Current version of this document (in English) is not up to date due to my time limitation. For the current functionality of the package, please consult the manual of the partial.plot
package in R. I hope I will update this document near future so please be patient. I’m sorry for your inconvenience
This package provides tools for visualizing a result of multivariate analyses. The goal of this package is providing a easy-to-use method to visualize results of many kinds of regression models. This package is still in development and may have bugs which can affect your interpretation of the results. Also I’m still designing the interface of the package so future version may lose some functionality in current version. If you find bugs or if you have any requests, please let me know by GitHub or email: paste following code into R to get my address: rawToChar(as.raw(c(109, 111, 103, 64, 102, 102, 112, 114, 105, 46, 97, 102, 102, 114, 99, 46, 103, 111, 46, 106, 112))).
To install the package, just copy & paste following commands into the R console.
install.packages(
c("model.adapter", "partial.plot"), type = "source",
repos = c(
"http://florivory.net/R/repos", options()$repos
)
)
Try this one! You can also see the examples.
# Load dataset.
data(iris)
# Create a prediction model by GLM.
model <- glm(
Petal.Length ~ (Sepal.Length + Petal.Width) * Species, data = iris
)
# Load the library.
library(partial.plot)
# Draw relationship between sepal length and petal length.
info <- partial.plot(model, c("Sepal.Length", "Species"), pch = 16)
# Add a legend.
pp.legend(info, "topleft")
## Loading required package: rgl
# Draw 3D plot.
info <- partial.plot(
model, c("Sepal.Length", "Petal.Width"), col = terrain.colors,
theta = 20
)
In this time, we use the Fisher’s iris dataset. This dataset having petal length (Petal.Length), petal width (Petal.Width), sepal length (Sepal.Length) and sepal width (Sepal.Width) data of 3 species of Iris (setosa, versicolor, and virginica).
We can load the dataset and see structure of the data set by following code.
# Load the dataset.
data(iris)
# See the structure of the dataset.
str(iris)
## 'data.frame': 150 obs. of 5 variables:
## $ Sepal.Length: num 5.1 4.9 4.7 4.6 5 5.4 4.6 5 4.4 4.9 ...
## $ Sepal.Width : num 3.5 3 3.2 3.1 3.6 3.9 3.4 3.4 2.9 3.1 ...
## $ Petal.Length: num 1.4 1.4 1.3 1.5 1.4 1.7 1.4 1.5 1.4 1.5 ...
## $ Petal.Width : num 0.2 0.2 0.2 0.2 0.2 0.4 0.3 0.2 0.2 0.1 ...

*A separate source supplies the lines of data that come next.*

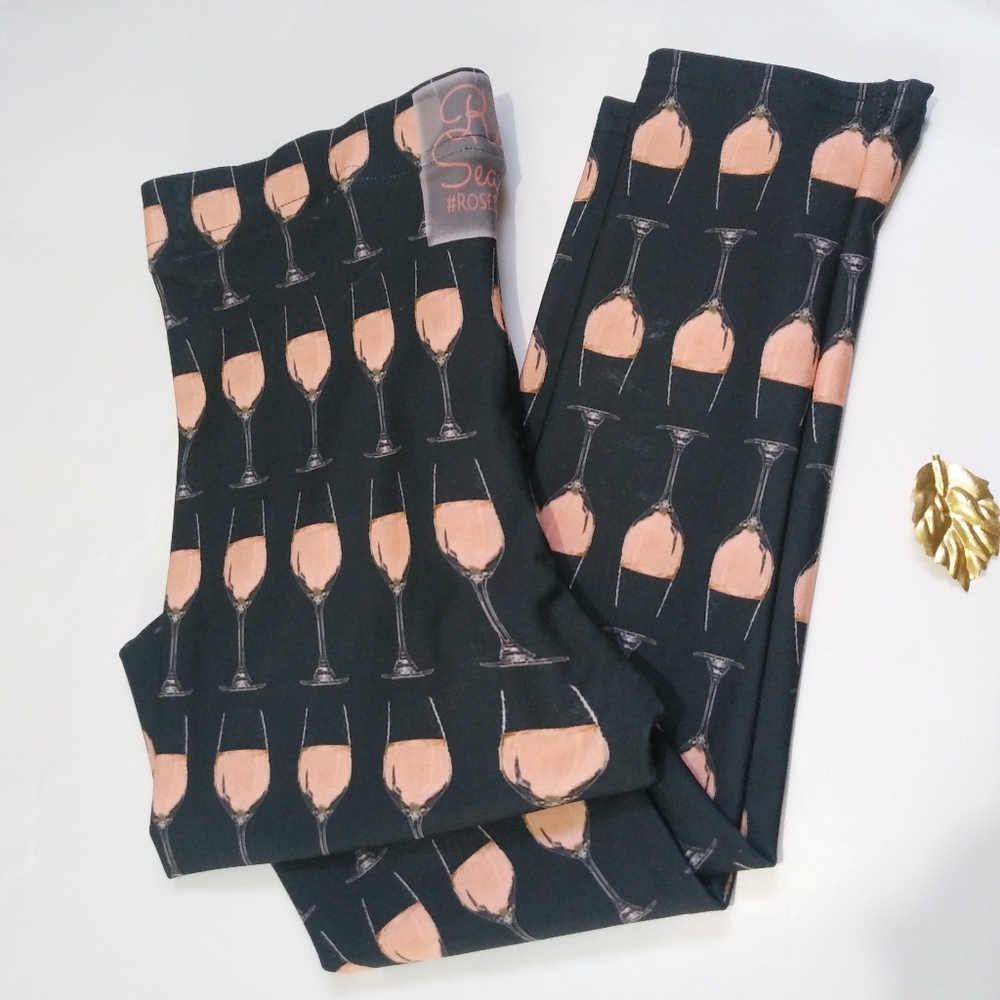 Art of where legging wine glasses print
Size Small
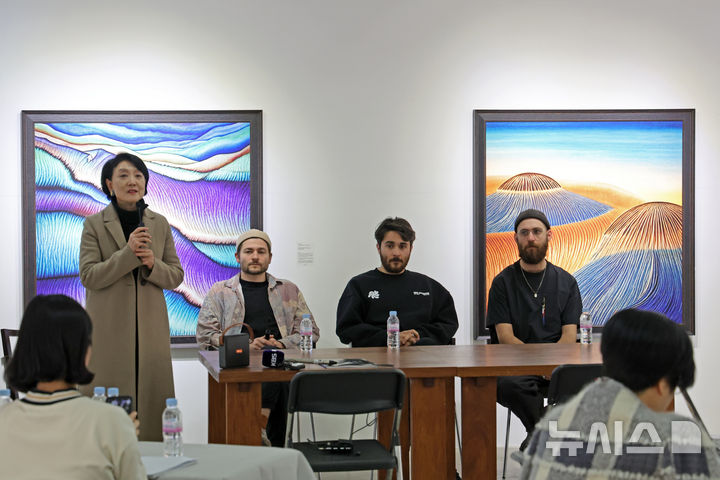 [서울=뉴시스] 박진희 기자 = 원혜경(왼쪽부터) 선화랑 대표와 프랑스 AI 아트 그룹 'Obvious(오비어스)'의 예술가이자 연구자인 고티에 베르니에로(Gauthier Vernier), 위고 카셀레스-뒤프레(Hugo Caselles-Dupre), 피에르 포트렐(Pierre Fautrel)이 10일 서울 종로구 선화랑에서 오비어스 해외 첫 전시 '초현실주의의 새로운 지평: IMAGINE' 기자간담회를 하고 있다.2025.03.10. pak7130@newsis.com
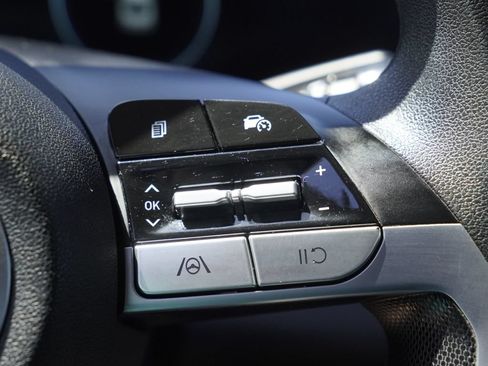 Used 2024 Hyundai Elantra SEL FWD image 21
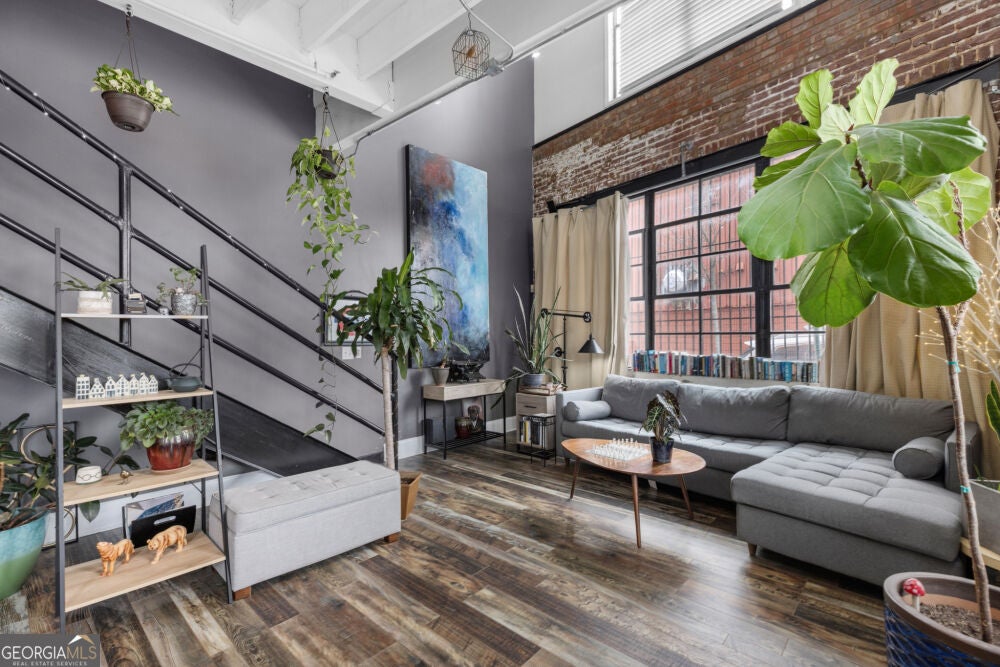 158 Walker ST SW 1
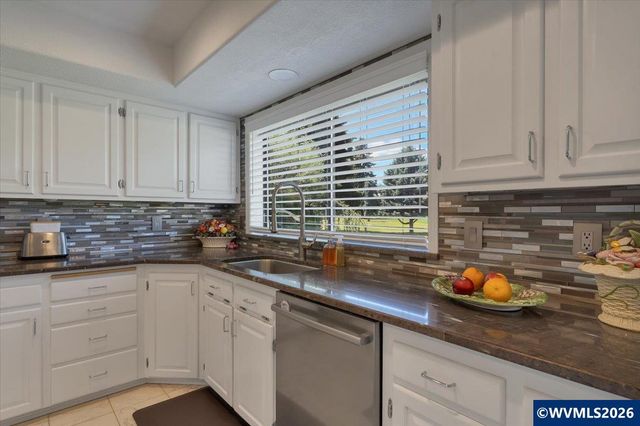 365 Snead Dr N, Keizer, OR 97303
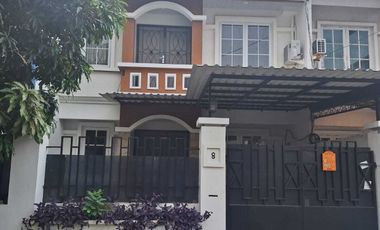 DISEWAKAN RUMAH 2 LANTAI DI TAMPAK SIRING PERUMAHAN DAAN MOGOT BARU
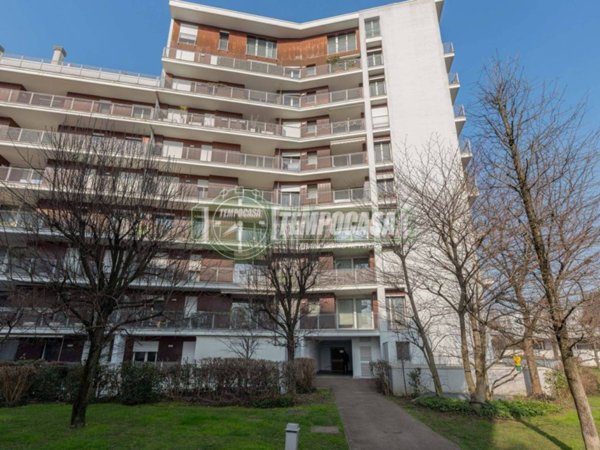 appartamento in vendita a Segrate in zona Lavanderie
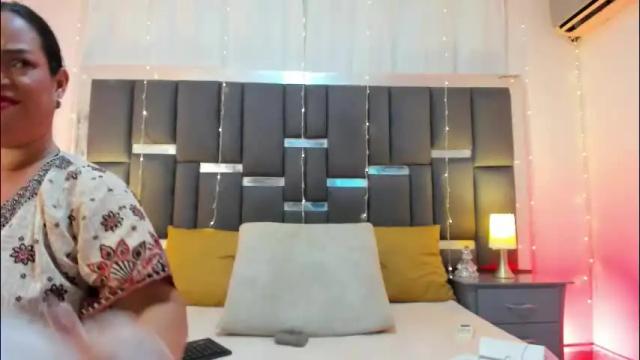 Image 11 of talianavega Stream on Chaturbate on 1 month ago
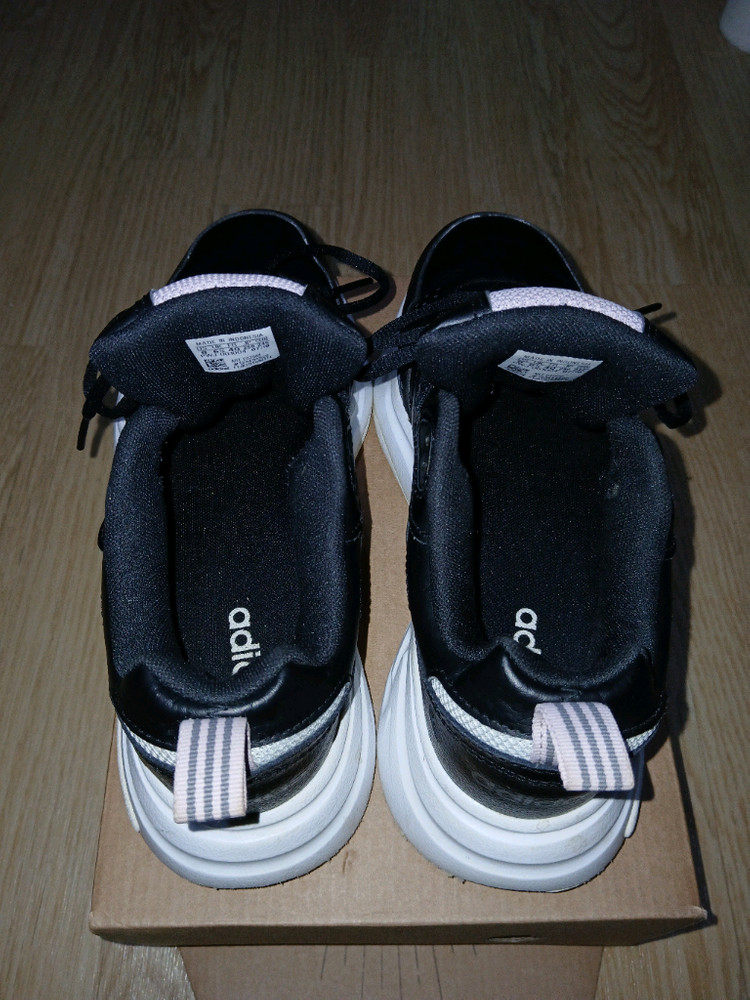 아디다스 여성 신발 250 무료배송 이미지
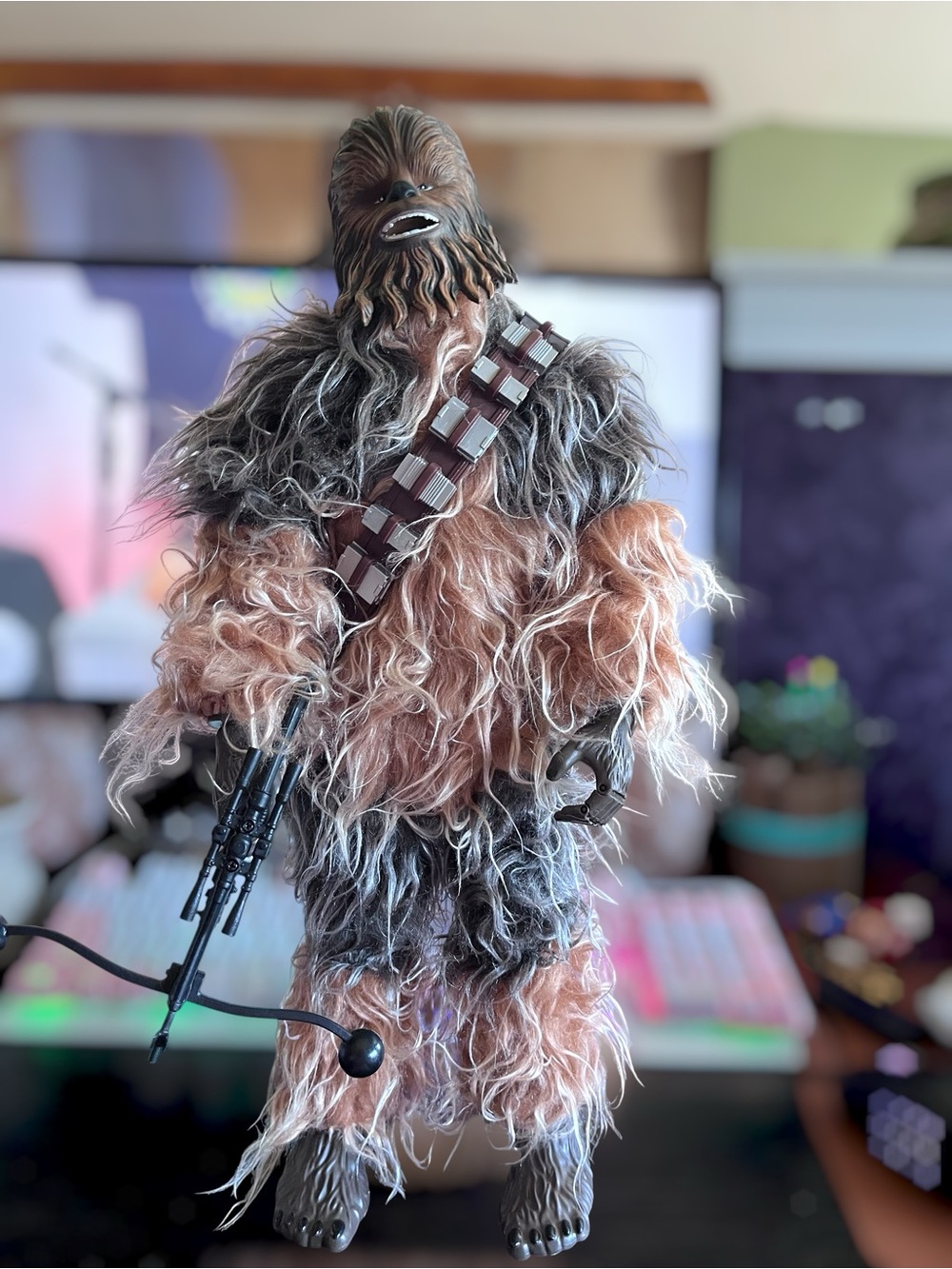 Thinkway Star Wars Chewbacca 17"
Interactive Animatronic Figure Toys
R Us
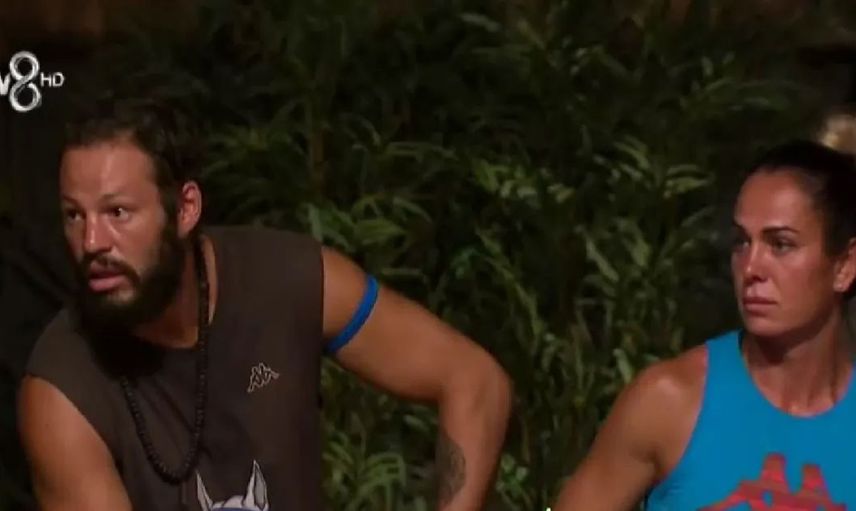 Survivor’da yine yeni bir skandal! Boksör Adem'in karizma yerlerde... Atakan ve Adem birbirine girdi Semih Öztürk sonunda patladı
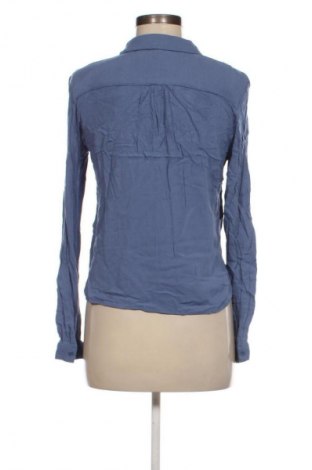 Γυναικείο πουκάμισο Stradivarius, Μέγεθος M, Χρώμα Μπλέ, Τιμή 1,99 €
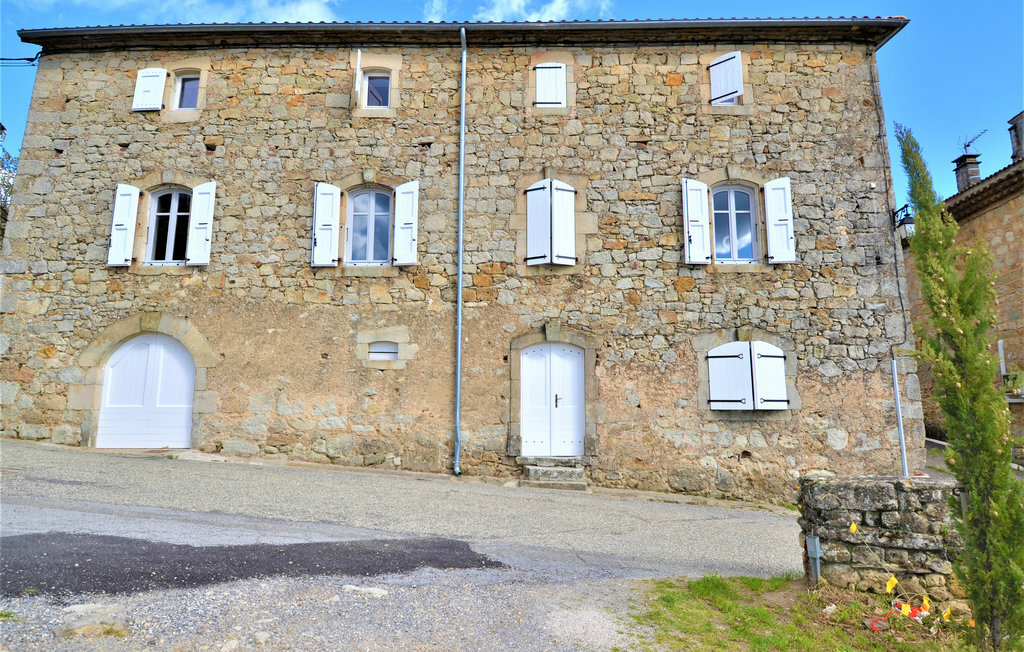 Location Maison à Bordezac - Photo 2 / 38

## $ Species : Factor w/ 3 levels "setosa","versicolor",..: 1 1 1 1 1 1 1 1 1 1 ...
# Visualize data.
par(mfrow = c(2, 2))
plot(
Petal.Length ~ Sepal.Length, data = iris,
pch = as.numeric(Species) + 14, col = as.numeric(Species) + 1
)
plot(
Petal.Length ~ Sepal.Width, data = iris,
pch = as.numeric(Species) + 14, col = as.numeric(Species) + 1
)
plot(
Petal.Length ~ Petal.Width, data = iris,
pch = as.numeric(Species) + 14, col = as.numeric(Species) + 1
)
In this guide, we will make a model to predict petal length by other variables. For the modeling, we are going to use generalized linear model (GLM). For explanatory variables of the model we will use sepal length, petal width and species. By including interaction terms between sepal length and species, and between petal width and species, we assume that relationships between sepal length and petal length and between petal width and petal length differ between species.
# Make prediction model.
model <- glm(
Petal.Length ~ (Sepal.Length + Petal.Width) * Species, data = iris
)
# Show summary of the model.
summary(model)
##
## Call:
## glm(formula = Petal.Length ~ (Sepal.Length + Petal.Width) * Species,
## data = iris)
##
## Deviance Residuals:
## Min 1Q Median 3Q Max
## -0.72681 -0.11668 0.00073 0.12952 0.57611
##
## Coefficients:
## Estimate Std. Error t value Pr(>|t|)
## (Intercept) 0.88128 0.47059 1.873 0.06318 .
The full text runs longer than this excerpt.